To assist in addressing these fabrication challenges, embodiments provide a technique for conducting a hole “sweep” of the holes in the 3D structural model of semiconductor device that is being virtually fabricated in order to generate accurate hole profiles that support the performance of DOEs. FIG. 4 depicts an exemplary overview of a hole sweep process performed by embodiments to model hole profiles in an embodiment. A 3D structural model 400 of the semiconductor device structure being fabricated is examined to determine the number of holes (N) (step 402) in the structure. To begin, a counter value i representing a (first) current hole location may be set to 1. Then each hole pattern location i is located by examining the structural model data (step 404) and a hole sweep is performed at each hole location as explained further below to generate a hole profile before incrementing the counter (step 406). With each iteration, the counter i is compared to the total number of holes in the structure N (step 407) and if less than or equal to N the process iterates and next hole location is swept (step 404). If all of the holes in the structure have been swept, the revised 3D model structure with the generated hole profile may be output for display or further analysis (408).
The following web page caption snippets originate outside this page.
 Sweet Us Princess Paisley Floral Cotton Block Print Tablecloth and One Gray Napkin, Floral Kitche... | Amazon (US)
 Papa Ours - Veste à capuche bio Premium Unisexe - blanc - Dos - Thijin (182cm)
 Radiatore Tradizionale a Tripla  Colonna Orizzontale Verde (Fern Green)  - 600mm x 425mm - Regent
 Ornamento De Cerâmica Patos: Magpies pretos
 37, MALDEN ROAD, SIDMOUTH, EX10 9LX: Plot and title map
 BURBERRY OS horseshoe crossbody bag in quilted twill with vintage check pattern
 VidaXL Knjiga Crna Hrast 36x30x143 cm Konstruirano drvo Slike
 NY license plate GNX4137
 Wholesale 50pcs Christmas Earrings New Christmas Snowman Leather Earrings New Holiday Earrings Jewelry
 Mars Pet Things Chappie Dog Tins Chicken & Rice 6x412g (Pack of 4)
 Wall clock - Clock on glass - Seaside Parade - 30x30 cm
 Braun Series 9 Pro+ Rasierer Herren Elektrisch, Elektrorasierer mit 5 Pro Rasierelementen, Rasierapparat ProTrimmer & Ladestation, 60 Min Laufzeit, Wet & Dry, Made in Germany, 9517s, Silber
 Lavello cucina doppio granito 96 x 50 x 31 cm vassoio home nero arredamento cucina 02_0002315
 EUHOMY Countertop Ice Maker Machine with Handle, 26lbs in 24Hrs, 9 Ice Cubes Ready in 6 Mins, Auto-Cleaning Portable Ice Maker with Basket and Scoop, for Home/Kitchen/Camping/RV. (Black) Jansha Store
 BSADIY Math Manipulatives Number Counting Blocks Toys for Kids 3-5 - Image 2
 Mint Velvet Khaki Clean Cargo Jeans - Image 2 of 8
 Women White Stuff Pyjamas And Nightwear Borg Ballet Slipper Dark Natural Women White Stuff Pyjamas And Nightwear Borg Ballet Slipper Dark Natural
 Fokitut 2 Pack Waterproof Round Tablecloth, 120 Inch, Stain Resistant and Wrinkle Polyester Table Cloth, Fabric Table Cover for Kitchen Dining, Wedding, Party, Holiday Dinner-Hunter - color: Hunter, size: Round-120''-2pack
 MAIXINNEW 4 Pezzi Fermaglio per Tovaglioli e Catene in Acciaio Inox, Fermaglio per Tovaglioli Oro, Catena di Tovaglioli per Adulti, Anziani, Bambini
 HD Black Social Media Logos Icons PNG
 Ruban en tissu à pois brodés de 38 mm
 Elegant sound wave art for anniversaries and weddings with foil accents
As noted above, for each hole location, embodiments sweep the hole to generate an accurate hole profile. FIG. 5 depicts an exemplary sequence performed by an embodiment to perform a hole sweep in an embodiment. Prior to performing the hole sweep, hole profile information is collected (step 502). In one embodiment, the hole profile information is collected with the aid of a user interface generated in the virtual fabrication environment (discussed further below) that enables a user to enter important parameter information for the hole needed for the hole profile. In another embodiment, the hole profile information may be programmatically retrieved. For example, the hole profile information may include the hole location, the etch depth of the hole, a top CD (hereafter “tcd”), a bow CD (hereafter “bwcd”), a bow location (within the hole), a bottom CD (hereafter “bcd”), a tilt parameter indicating an amount of offset from the top center of the hole to the bottom center of the hole (hereafter “tilt”), a twist parameter indicating a twist angle at the top (hereafter “tcda”), a twist angle at the point of maximum bow CD (hereafter “bwcda”) and/or a twist angle at the bottom (hereafter “bcda”), as well as a starting vertical location in the hole for the sweep (hereafter “startz”) that may frequently be the top vertical location in the hole/channel. The parameters may also include a smoothing parameter controlling a size of a generated air ellipsoid used to perform the sweep (discussed further below) and a speed parameter controlling the speed of the movement of the ellipsoid during the sweep. It should be appreciated that the above parameters are exemplary and embodiments may utilize additional parameters related to the hole profile not specifically disclosed without departing from the scope of the present invention. Similarly, embodiments may utilize only a subset of the parameters discussed above.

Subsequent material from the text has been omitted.